— TASK BRIEF —
Would you return the lines that run from the start of the data below to the line with "commercial-construction-site-w-002 — frequently", both included, exactly as written and without pictures?

-------- SOURCE INFORMATION

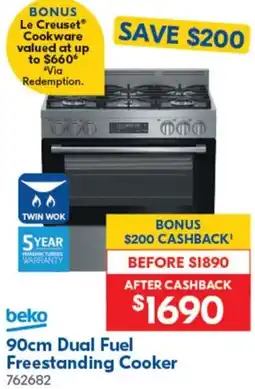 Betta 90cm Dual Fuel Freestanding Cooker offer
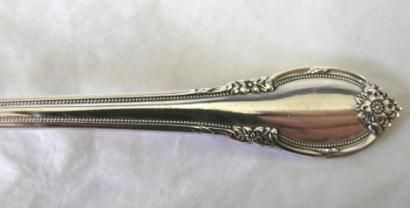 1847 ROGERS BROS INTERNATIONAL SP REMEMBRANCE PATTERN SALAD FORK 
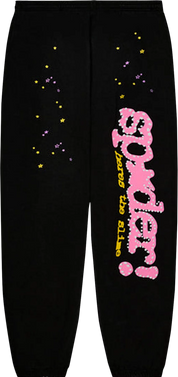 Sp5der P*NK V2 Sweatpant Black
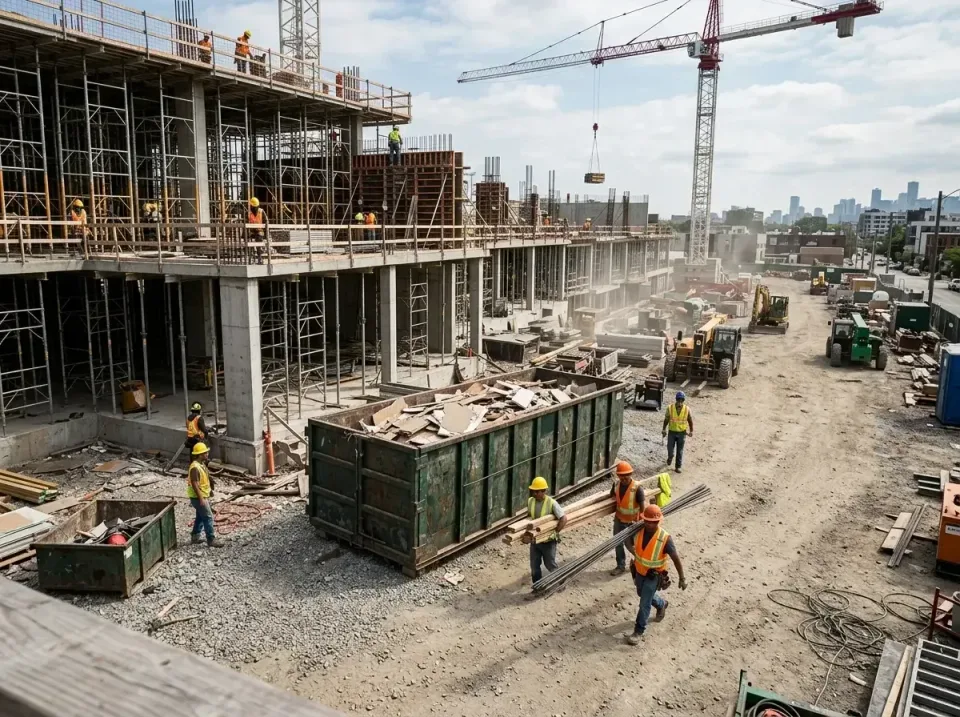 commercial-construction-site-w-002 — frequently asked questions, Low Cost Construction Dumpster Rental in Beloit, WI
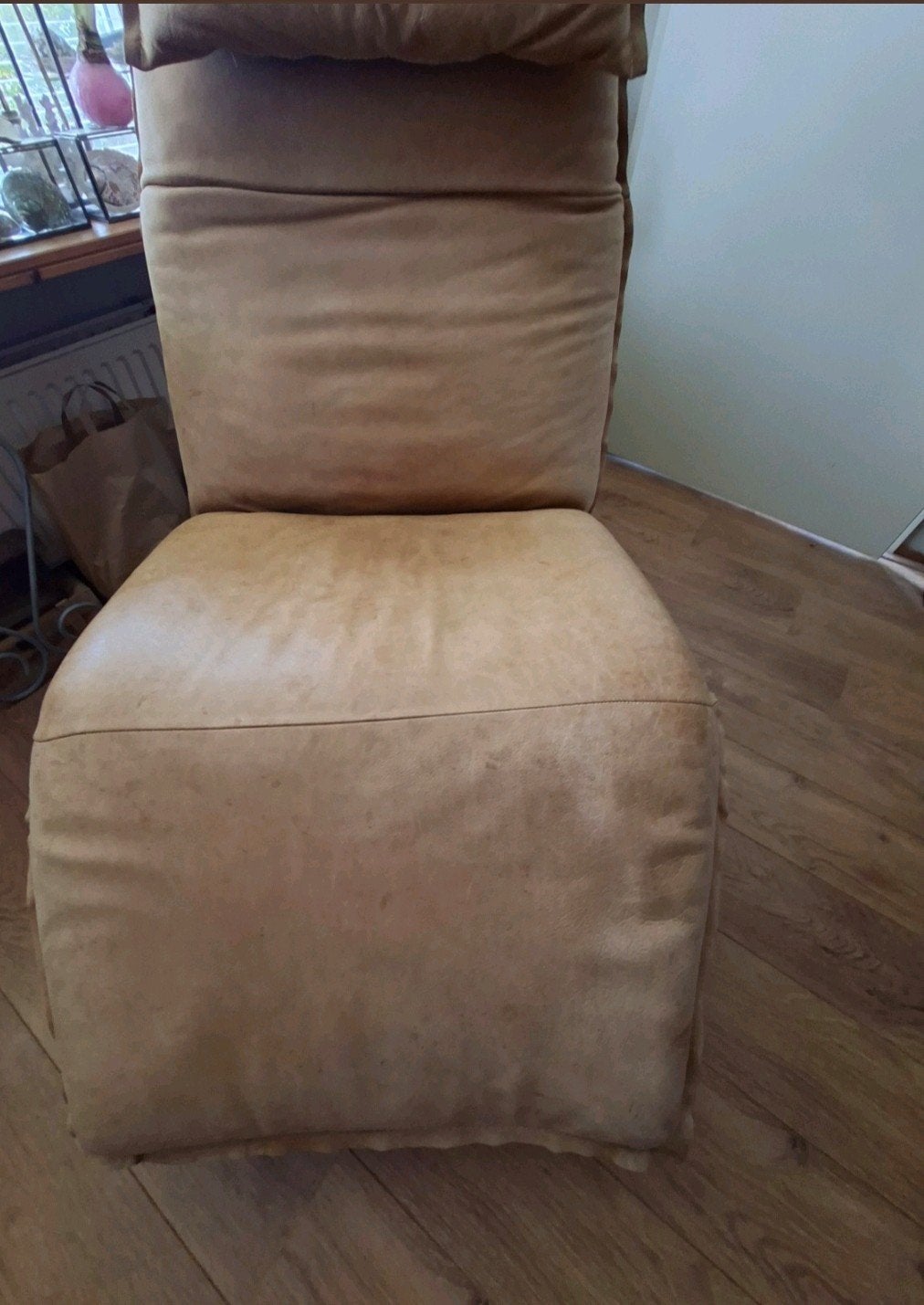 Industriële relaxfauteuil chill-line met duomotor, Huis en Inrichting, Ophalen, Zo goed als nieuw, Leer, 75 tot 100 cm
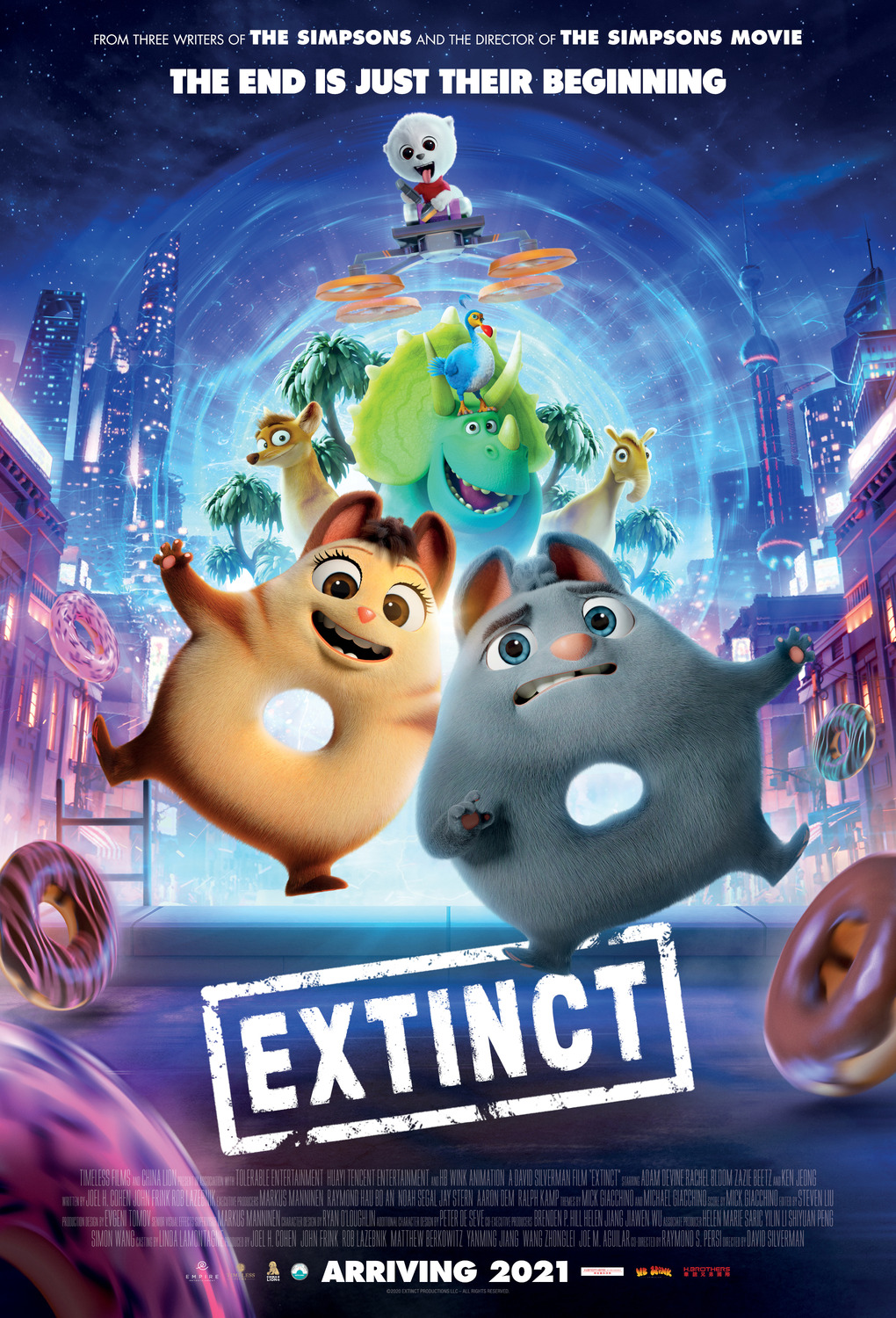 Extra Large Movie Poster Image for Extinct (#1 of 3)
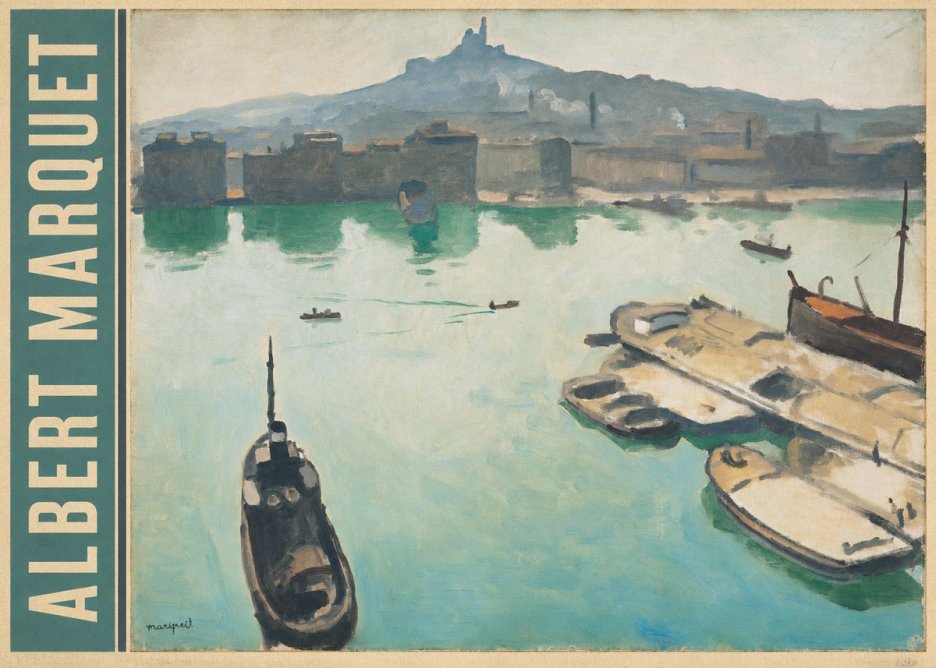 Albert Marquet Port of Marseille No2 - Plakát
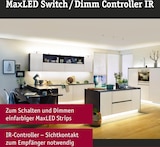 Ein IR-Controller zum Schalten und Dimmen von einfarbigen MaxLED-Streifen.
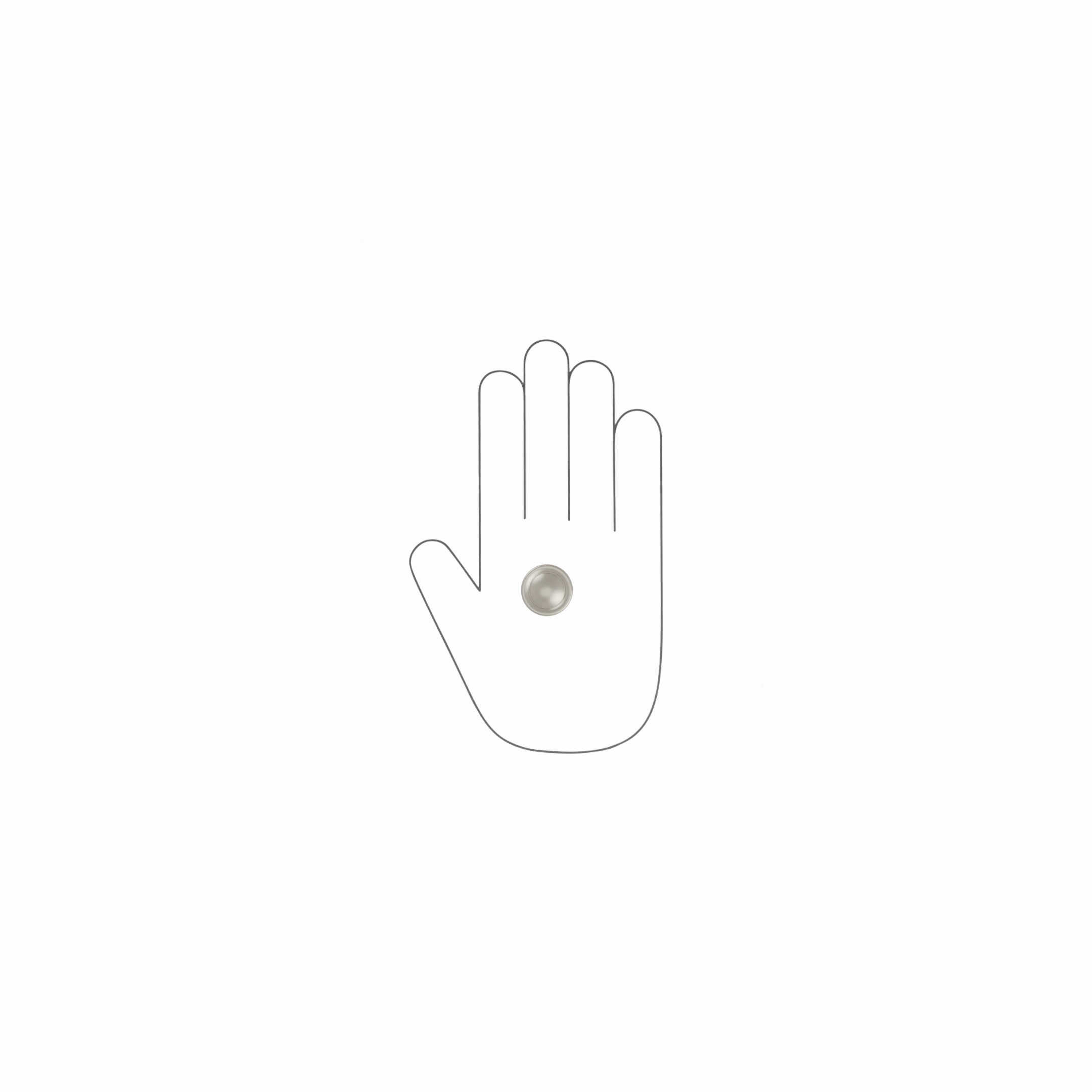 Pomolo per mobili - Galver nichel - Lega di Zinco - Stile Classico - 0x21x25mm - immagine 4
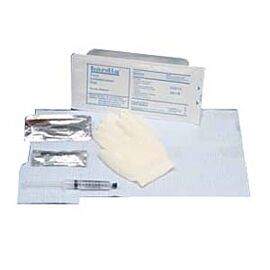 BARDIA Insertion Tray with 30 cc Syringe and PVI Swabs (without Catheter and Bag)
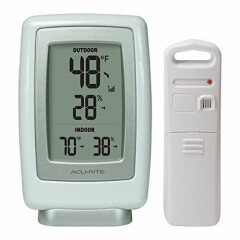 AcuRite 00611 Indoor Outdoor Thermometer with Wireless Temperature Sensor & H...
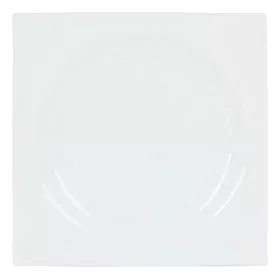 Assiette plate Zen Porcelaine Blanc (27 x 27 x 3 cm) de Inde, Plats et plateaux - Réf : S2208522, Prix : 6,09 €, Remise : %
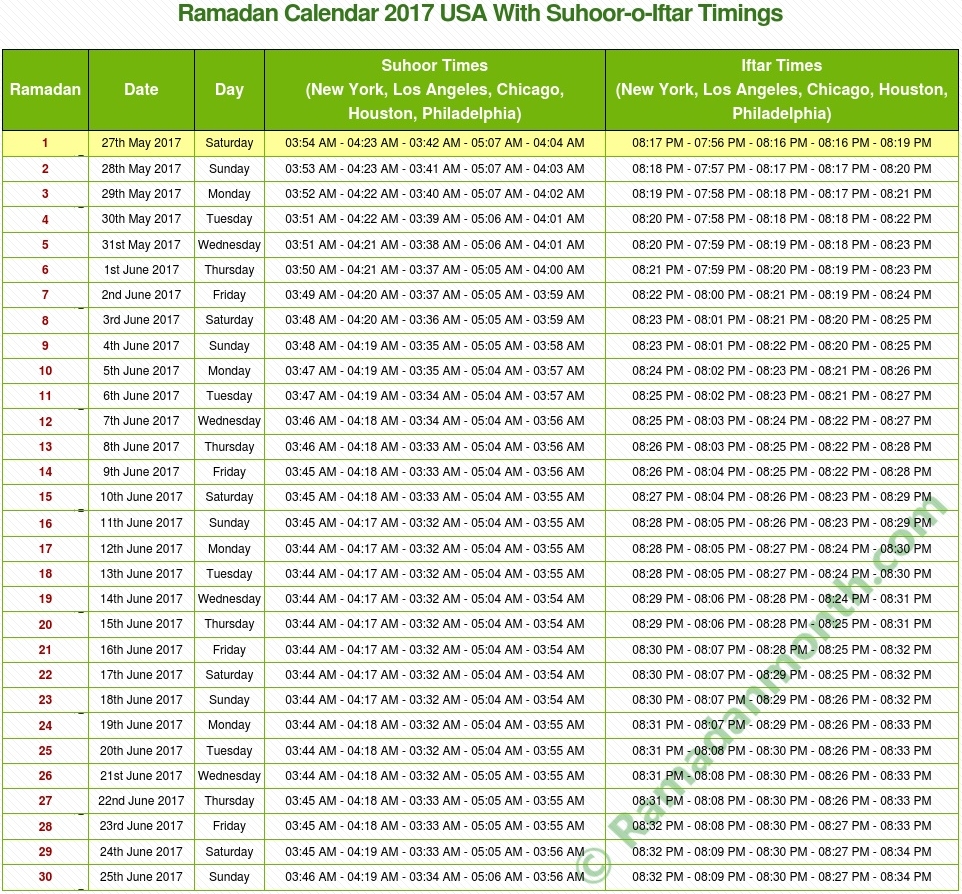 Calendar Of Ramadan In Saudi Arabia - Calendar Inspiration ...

----------------

— EXERCISE SOLUTION —
 Betta 90cm Dual Fuel Freestanding Cooker offer
 1847 ROGERS BROS INTERNATIONAL SP REMEMBRANCE PATTERN SALAD FORK 
 Sp5der P*NK V2 Sweatpant Black
 commercial-construction-site-w-002 — frequently asked questions, Low Cost Construction Dumpster Rental in Beloit, WI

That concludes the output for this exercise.